Step 7: Visited and Pruned Edges in the Game Tree
- Each edge in the tree is checked against visited_edges to identify whether it was visited or pruned during Alpha-Beta pruning.
- Edges are color-coded: green for visited paths, red for pruned branches, and black for untouched edges.
- NetworkX and Graphviz are used to position and draw the tree with clear hierarchical layout.
- Matplotlib displays the final tree, visually showing how pruning reduces unnecessary exploration.
edge_colors = []
for u, v in G.edges():
status = None
for (s, d, t) in visited_edges:
if s == u and d == v:
status = t
break
if status == "visit":
edge_colors.append("green")
elif status == "cut":
edge_colors.append("red")
else:
edge_colors.append("black")
plt.figure(figsize=(10, 7))
pos = nx.nx_pydot.graphviz_layout(G, prog='dot')
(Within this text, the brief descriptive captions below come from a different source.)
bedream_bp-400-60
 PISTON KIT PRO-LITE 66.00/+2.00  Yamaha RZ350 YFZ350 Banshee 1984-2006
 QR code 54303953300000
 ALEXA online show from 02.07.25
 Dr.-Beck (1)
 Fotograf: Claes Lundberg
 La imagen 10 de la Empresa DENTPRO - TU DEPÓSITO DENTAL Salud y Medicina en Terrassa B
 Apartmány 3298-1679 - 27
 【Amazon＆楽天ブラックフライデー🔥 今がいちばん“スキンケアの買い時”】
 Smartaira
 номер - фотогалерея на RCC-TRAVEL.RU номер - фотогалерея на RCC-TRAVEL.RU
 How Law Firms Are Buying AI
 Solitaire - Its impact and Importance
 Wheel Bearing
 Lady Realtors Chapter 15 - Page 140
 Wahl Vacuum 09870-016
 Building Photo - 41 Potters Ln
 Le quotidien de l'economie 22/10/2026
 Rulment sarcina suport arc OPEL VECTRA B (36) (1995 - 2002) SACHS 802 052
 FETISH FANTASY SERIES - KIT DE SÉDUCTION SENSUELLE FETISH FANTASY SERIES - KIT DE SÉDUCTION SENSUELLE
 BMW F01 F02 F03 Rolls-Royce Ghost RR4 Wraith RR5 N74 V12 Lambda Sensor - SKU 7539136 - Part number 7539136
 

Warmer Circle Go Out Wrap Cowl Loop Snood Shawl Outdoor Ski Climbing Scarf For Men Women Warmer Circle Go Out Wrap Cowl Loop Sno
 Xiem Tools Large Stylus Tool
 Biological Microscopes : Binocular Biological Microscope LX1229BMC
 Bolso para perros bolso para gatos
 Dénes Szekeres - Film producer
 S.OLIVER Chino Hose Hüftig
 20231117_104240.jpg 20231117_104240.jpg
nx.draw(G, pos, with_labels=True, arrows=False, node_size=2000,
node_color="lightblue", font_size=12, edge_color=edge_colors, width=3)
plt.title("Alpha–Beta Pruning (Green = Visited, Red = Pruned)")
plt.axis("off")
plt.show()
Output:

This image visualizes Alpha Beta Pruning where green edges show visited nodes and red edges show pruned branches.
You can download full code from here
Applications
Alpha–Beta Pruning is widely used in adversarial game playing AI including:
- Chess: Enables engines to explore more moves deeply and efficiently.
- Checkers: Enhances search performance, making AI harder to defeat.
- Othello/Reversi: Improves strategy evaluation during gameplay.
- Tic-Tac-Toe: Ensures optimal play with minimal computation.
Advantages
- Improves Efficiency: Greatly reduces the number of nodes evaluated compared to plain Minimax, allowing deeper searches in the same time.
- Maintains Optimality: Pruning does not change the final result; the chosen move is still the optimal one.
- Faster Decision Making: Helps game agents respond quickly, especially in time-restricted games.
- Better Resource Usage: Saves computation and memory by avoiding unnecessary branches.
Limitations
- Still Expensive for Large Trees: Although improved, the algorithm remains slow for extremely deep or high-branching games.
- Depends on Move Ordering: Works best when good moves are evaluated first; poor ordering reduces pruning efficiency.
- Requires Heuristics: Effectiveness often depends on strong evaluation functions or domain knowledge.
- Hard to Optimize for Complex Games: Designing good heuristics and ordering strategies can be challenging.